In 1964, I was actively working at low-level jobs for liberal Democratic clubs in New York. After JFK (who I idolized) was assassinated, I threw my support behind LBJ. His opponent, Senator Barry M. Goldwater of Arizona, was leader of the post-McCarthy right-conservative movement of the Republican party. Compared to Donald J. Trump, Goldwater—who scared the bejesus out of kids and adults alike by threatening to use atomic bombs as tactical weapons against China—was by today’s standard a moderate. And in hindsight he was remarkably prescient about MAGA, as this quote suggests: “Mark my word, if and when these preachers get control of the party, and they’re sure trying to do so, it’s going to be a terrible damn problem. Frankly, these people frighten me. Politics and governing demand compromise. But these Christians believe they are acting in the name of God, so they can’t and won’t compromise. I know, I’ve tried to deal with them.”

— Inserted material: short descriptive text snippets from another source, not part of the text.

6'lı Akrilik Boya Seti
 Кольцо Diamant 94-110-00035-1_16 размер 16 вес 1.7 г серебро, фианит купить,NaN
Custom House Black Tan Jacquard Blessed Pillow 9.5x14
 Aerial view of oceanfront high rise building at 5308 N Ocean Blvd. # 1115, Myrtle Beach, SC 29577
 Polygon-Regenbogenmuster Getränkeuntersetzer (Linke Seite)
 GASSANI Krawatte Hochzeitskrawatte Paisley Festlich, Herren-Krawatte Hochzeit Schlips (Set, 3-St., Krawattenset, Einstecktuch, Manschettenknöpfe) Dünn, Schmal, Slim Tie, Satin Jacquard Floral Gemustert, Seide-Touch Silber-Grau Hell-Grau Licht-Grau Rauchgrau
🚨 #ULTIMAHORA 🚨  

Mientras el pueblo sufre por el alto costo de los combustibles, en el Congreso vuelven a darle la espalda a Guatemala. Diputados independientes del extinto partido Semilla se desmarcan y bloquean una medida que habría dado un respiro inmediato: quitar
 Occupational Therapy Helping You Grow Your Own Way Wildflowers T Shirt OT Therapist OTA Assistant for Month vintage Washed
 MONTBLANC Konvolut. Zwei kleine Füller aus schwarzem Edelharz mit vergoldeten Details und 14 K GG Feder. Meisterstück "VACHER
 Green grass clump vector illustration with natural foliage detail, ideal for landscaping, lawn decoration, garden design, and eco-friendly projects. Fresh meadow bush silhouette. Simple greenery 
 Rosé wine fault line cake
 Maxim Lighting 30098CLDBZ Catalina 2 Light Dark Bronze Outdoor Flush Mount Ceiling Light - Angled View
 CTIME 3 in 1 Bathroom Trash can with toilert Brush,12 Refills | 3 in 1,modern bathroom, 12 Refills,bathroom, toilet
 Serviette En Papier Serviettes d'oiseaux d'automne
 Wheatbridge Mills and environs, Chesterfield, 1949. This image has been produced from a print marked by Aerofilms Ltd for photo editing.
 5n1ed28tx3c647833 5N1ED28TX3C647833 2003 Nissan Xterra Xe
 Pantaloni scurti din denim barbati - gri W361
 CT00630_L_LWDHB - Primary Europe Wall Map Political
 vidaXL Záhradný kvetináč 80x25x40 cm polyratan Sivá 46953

Nonetheless, 60 years ago, he cast a long, dark shadow over the political state of the liberal United States. His hawkish rhetoric triggered the prototype of negative campaign propaganda, the so-called “Daisy Ad,” which used scare tactics and was considered so inflammatory (and contrary to electoral sobriety) that it aired only once on TV. Once was enough to make history.

Another defamation of Goldwater was a controversial 1964 issue of the acerbic Fact magazine (designed by Herb Lubalin), in which real psychiatrists provided their unvarnished opinions on the psychological fitness of the presidential candidate. It was edited by the indie publishing provocateur Ralph Ginzburg.

Psychiatrists were asked to weigh in on the senator’s mental capacity to serve as president. One such response is reminiscent of the contemporary tenor: “I believe Goldwater has the same pathological make-up as Hitler, Castro, Stalin and other known schizophrenic leaders.” As is this: “He is a mass-murderer at heart and … a dangerous lunatic. … Any psychiatrist who does not agree with the above is himself psychologically unfit to be a psychiatrist.”

After losing the general election, Goldwater successfully sued Fact for libel; the $75,000 settlement put the publication out of business. A few years later, the American Psychiatric Association issued the “Goldwater Rule” that forbids its members from publicly discussing the mental health of a public figure.

The irony is that this rule, while appropriate, did not foresee the advent of a Trump-style madman who embodies, amid other valid reasons for disqualification, the core declaration that he is “Psychologically Unfit To Be President!” … again.